Communications Traffic Data and you

Private firm may track all email and calls, reports The Guardian.  It’s a pretty remarkable story, and on the face of it it’s enough to get lots of people very upset already.

I think it’s a lot more insidious than it seems too.  The trick is in the term “Communications Traffic Data”, and what this really means in practice.

As with phone calls now, the government claims it will only record “Communications Traffic Data” and not the content of internet traffic. It’s still quite Big Brother, of course:

By building up a database about our movements - our morning rituals of
checking emails, visiting web sites, buying online - this will build up
a pattern. This in itself is “content”. This will create a pattern of
recognition about our movements. Plus how long would it be before they
start to argue that they need to see the content as well? Curiously,
because so few people in China - relatively speaking - are online
and/or using credit cards, China will look pretty free compared to our
electronically driven society.

It’s a lot worse than this I’m afraid. 

How do we decide what Communications Traffic Data is?  All traffic over the internet is transmitted in packets (called Datagrams) according to the Internet Protocol (IP).  These datagrams have a header, and a body.  The header contains the IP Communications Traffic Data, and the body contains the content.  The IP header contains, amongst other things, the source IP address and destination IP address of the datagram.

So is this what the government counts as Communications Traffic Data?  Well, not quite.  the IP addresses are part of what they want to record, but not everything.  How do we know what type of traffic this is?  Surely whether this is part of an email or part of a web page is Communications Traffic Data too?  Also, who initiated this conversation?  This could be a web request, or a page in response, and which way the traffic is going is important too isn’t it?

Well, that information isn’t in the IP header.  It’s inside the content of the IP packet.  For Web and Email, it’ll be inside a Transmission Control Protocol (TCP) packet, carried within IP.

So, we look at the IP packet, see it’s a TCP packet, unpack the content and look at the TCP header.  The TCP header is the Communications Traffic Data for TCP, and the body is the data.  In the header for the TCP packet we have the information we need to see what port numbers this communication is between, and we know that port 80 is normally web traffic, so now we know it’s a web page.

We also know who started the conversation, so we can keep track of who is asking whom for what.
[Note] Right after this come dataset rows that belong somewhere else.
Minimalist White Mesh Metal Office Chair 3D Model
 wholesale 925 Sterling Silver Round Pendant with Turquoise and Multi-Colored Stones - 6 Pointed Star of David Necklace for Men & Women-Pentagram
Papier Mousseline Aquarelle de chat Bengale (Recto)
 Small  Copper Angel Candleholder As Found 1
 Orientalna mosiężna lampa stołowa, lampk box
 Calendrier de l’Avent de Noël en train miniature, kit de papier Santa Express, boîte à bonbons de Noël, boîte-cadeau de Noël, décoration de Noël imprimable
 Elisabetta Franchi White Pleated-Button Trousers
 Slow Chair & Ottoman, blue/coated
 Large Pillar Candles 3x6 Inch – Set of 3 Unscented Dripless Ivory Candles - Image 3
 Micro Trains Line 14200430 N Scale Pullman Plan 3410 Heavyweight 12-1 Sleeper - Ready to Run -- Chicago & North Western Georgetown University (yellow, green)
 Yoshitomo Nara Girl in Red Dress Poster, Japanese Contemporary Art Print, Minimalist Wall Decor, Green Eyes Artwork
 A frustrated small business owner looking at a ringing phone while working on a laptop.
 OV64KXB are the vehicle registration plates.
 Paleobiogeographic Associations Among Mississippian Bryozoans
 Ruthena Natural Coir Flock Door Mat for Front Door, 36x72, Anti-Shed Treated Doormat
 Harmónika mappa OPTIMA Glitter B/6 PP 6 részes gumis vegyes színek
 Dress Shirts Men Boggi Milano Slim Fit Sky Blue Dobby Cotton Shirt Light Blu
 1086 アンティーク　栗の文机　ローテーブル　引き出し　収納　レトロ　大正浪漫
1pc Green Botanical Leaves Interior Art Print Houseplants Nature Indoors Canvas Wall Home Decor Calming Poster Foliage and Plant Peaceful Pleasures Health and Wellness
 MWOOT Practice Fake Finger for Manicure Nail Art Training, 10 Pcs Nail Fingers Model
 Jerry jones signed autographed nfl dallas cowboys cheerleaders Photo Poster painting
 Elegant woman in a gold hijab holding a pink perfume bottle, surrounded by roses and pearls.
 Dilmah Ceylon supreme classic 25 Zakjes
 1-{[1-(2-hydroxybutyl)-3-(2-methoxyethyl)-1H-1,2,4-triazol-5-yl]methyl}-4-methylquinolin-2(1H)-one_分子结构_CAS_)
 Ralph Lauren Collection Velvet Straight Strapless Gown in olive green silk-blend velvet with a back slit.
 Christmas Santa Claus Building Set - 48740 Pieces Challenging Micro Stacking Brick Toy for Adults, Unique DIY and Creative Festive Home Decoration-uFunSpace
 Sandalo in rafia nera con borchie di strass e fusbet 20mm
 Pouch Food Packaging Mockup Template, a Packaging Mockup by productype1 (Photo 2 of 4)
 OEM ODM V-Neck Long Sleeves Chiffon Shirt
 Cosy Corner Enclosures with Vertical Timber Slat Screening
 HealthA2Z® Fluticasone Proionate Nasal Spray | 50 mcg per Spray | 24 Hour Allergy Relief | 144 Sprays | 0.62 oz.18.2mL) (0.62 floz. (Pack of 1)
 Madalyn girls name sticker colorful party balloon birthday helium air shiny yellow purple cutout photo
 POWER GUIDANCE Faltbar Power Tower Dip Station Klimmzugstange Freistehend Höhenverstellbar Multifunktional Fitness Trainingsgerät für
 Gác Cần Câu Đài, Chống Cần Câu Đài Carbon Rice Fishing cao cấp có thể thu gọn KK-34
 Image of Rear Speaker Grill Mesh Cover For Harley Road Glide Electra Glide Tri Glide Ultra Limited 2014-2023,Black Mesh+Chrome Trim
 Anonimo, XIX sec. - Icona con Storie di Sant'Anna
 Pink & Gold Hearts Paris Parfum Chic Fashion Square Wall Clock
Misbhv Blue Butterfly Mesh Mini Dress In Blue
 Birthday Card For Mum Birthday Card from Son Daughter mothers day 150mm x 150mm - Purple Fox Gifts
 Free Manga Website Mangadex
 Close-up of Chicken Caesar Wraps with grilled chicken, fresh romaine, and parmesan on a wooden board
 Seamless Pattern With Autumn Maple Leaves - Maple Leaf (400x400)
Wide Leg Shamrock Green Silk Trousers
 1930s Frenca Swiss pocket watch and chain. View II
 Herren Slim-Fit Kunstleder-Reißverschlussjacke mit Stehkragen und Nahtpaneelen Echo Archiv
But, well, what URL is being requested?  Is this Communications Traffic Data? It’s not as far as TCP is concerned, but it is for the Hypertext Transfer Protocol (HTTP).  And surely anyone reasonable would say it’s Communications Data as far as the government is concerned?

So, we unpack the tcp packet, find the HTTP request and look at that.  Now then, there’s not much left of this packet now is there?  For an HTTP request in fact, we can reasonably claim that the entire packet is Communications Traffic Data.

As I understand both existing and planned legislation, there’s no strict definition of what “Commmunications Traffic Data” really is, and the possible database could well end up storing all of these data.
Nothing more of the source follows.